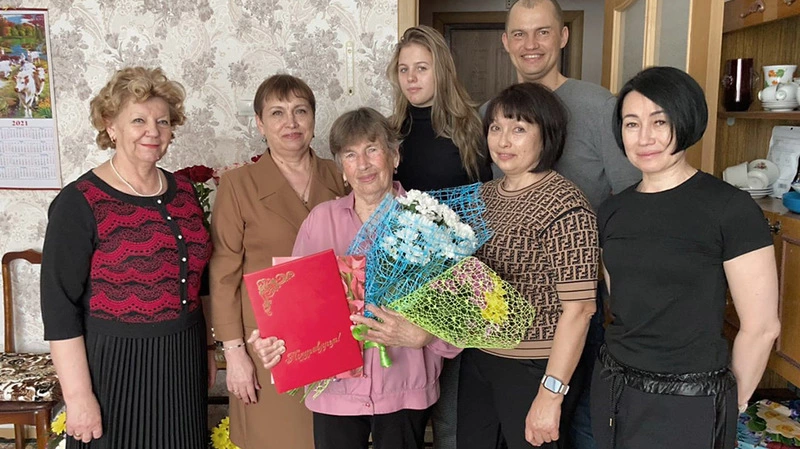 Долинчанка Клавдия Петровна Икария отметила 90-летний юбилей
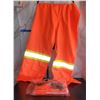 Image 1 : Lot of 2 Hi Viz Rain Coverall Bibs - Size Large & XL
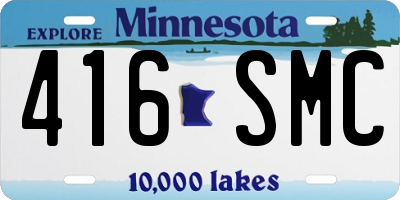 MN license plate 416SMC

* **TRY IT**
The expected answer is the data retyped exactly, without pictures.

* **SOLVED EXERCISE**
 Долинчанка Клавдия Петровна Икария отметила 90-летний юбилей
 Image 1 : Lot of 2 Hi Viz Rain Coverall Bibs - Size Large & XL
 MN license plate 416SMC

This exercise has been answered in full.